§ **WORK ORDER**
Please print every record below exactly as written, leaving out the pictures.

§ **SOURCE DATA**
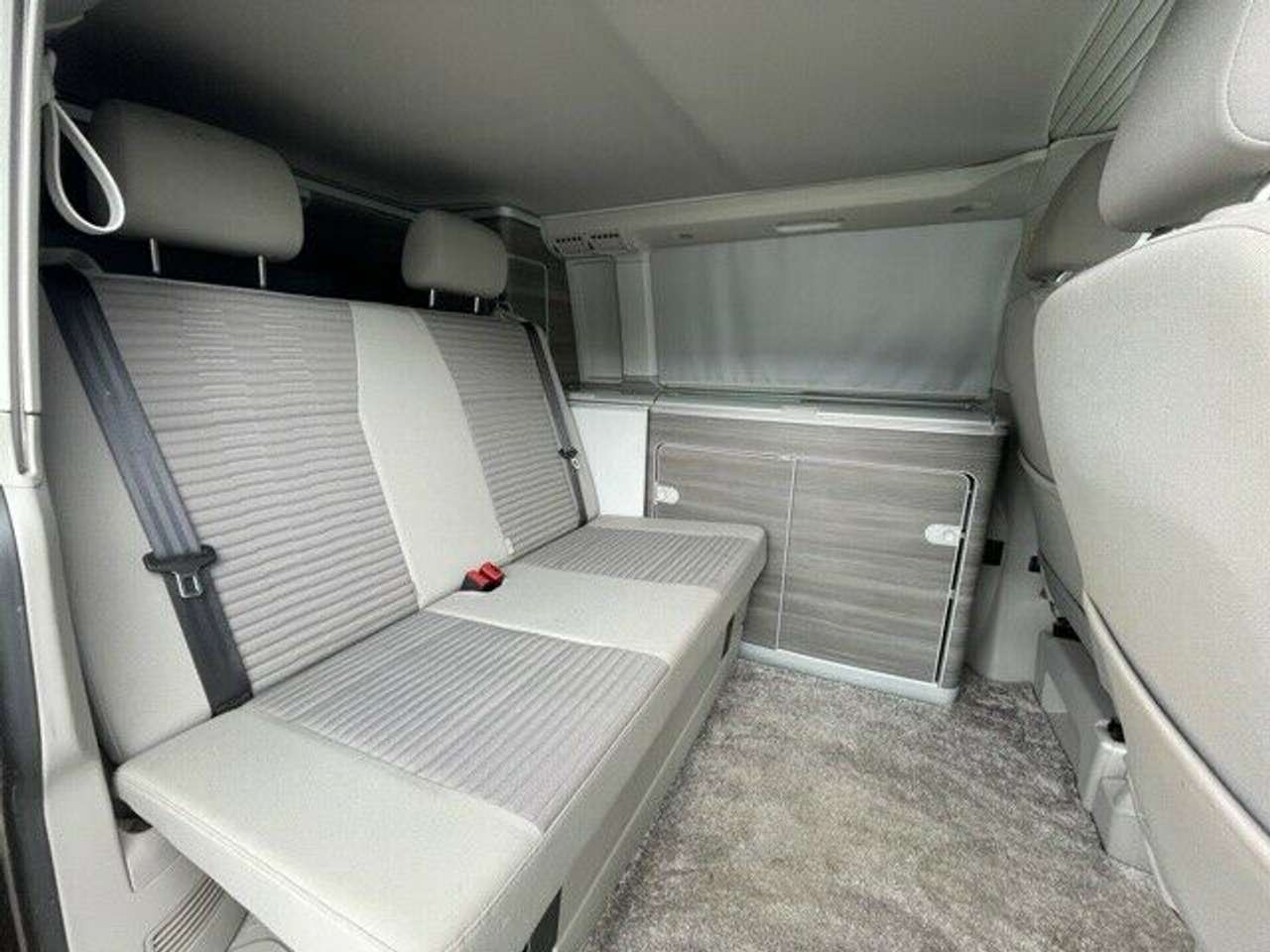 Volkswagen T6 Multivan California 4Motion Ocean Blue - Photo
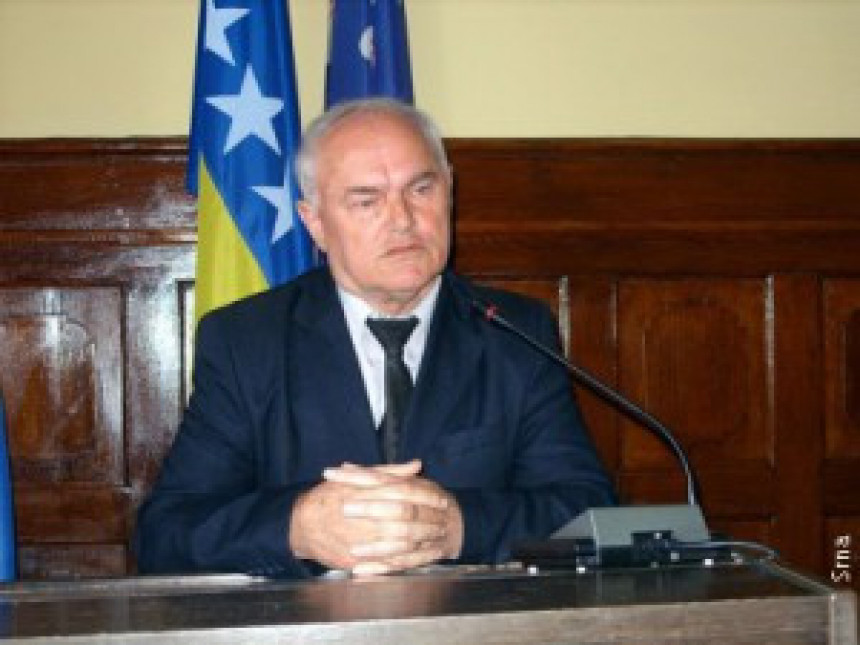 Mitrović – Problemi u Institu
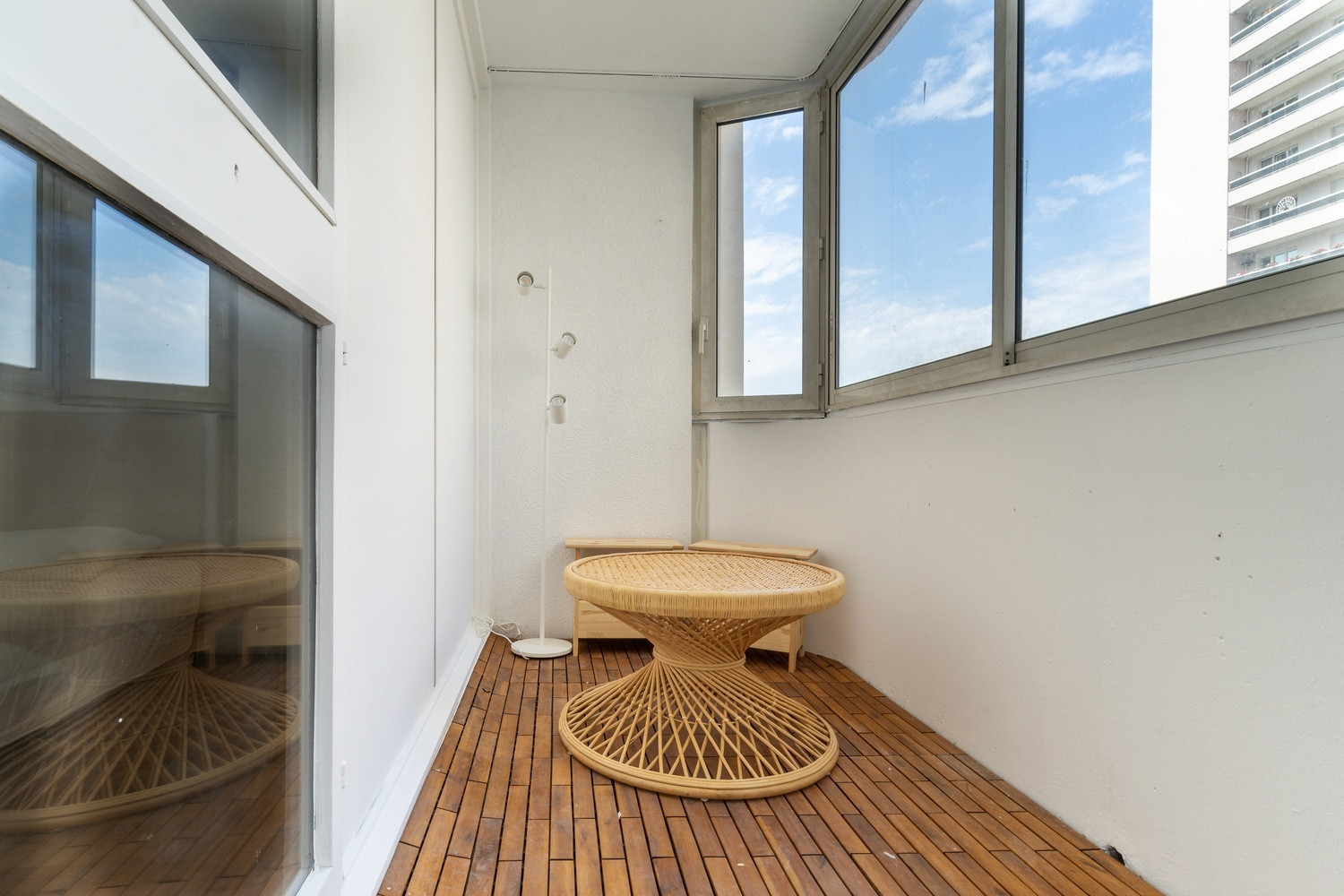 
                                                Colocation
                                                 1 chambre disponible en colocation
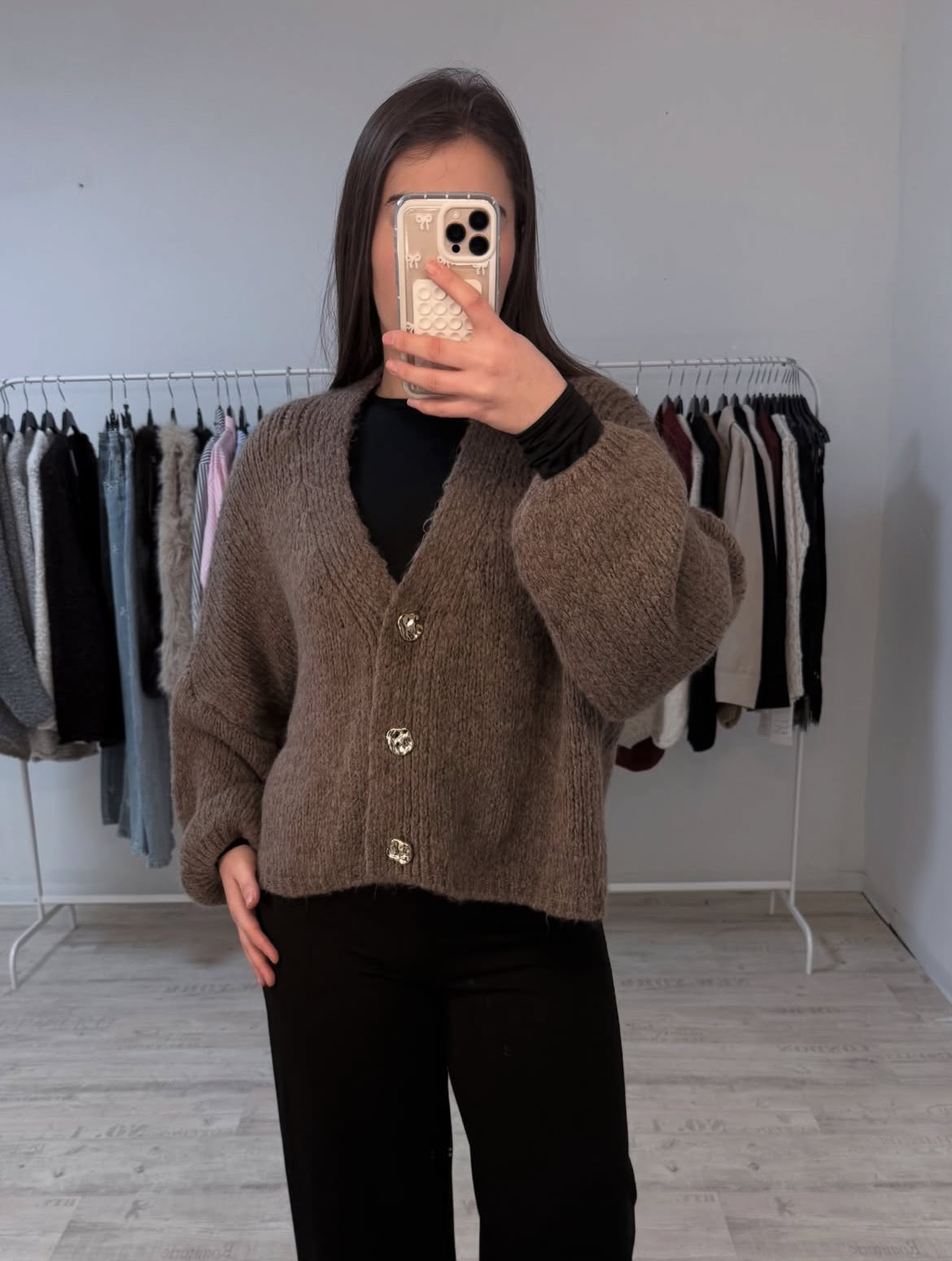 AMARA - Strickjacke mit 3 goldenen Knöpfen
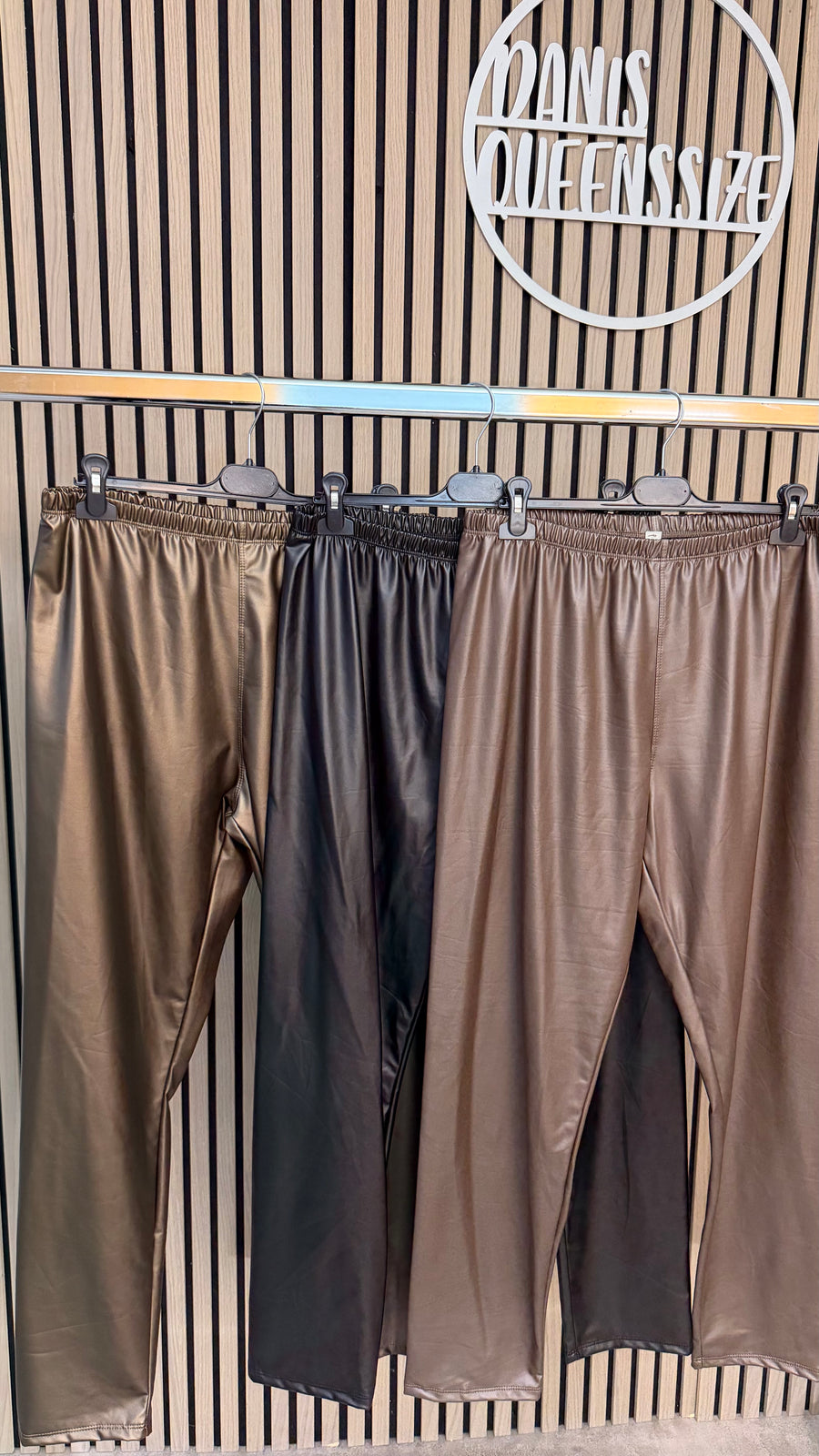 Kunstlederhose Noir Glow (48/54)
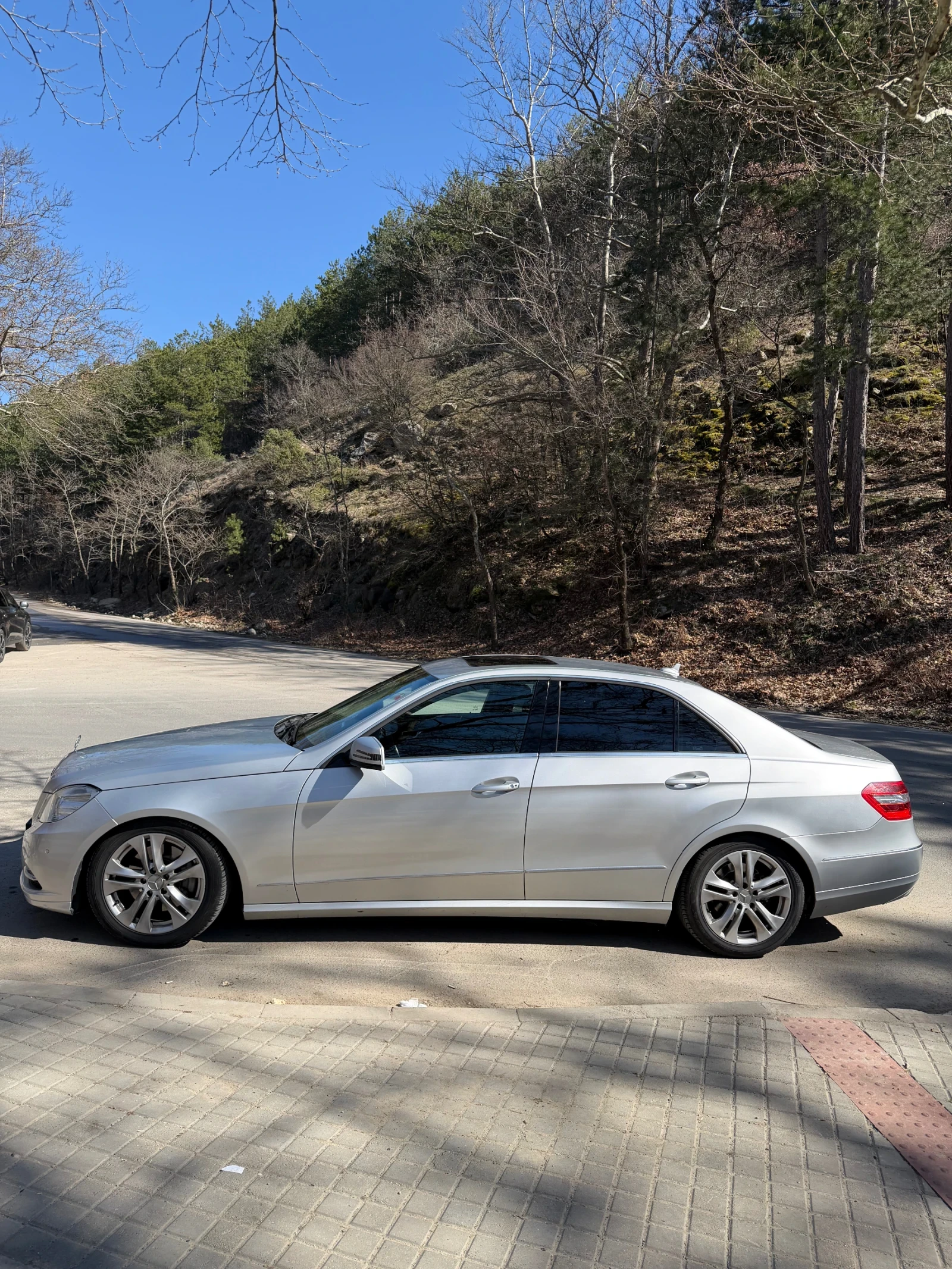 Mercedes-Benz E 350  - изображение 2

§ **RESPONSE TO THE TASK**
 Volkswagen T6 Multivan California 4Motion Ocean Blue - Photo
 Mitrović – Problemi u Institu
                                                Colocation
                                                 1 chambre disponible en colocation
 AMARA - Strickjacke mit 3 goldenen Knöpfen
 Kunstlederhose Noir Glow (48/54)
 Mercedes-Benz E 350  - изображение 2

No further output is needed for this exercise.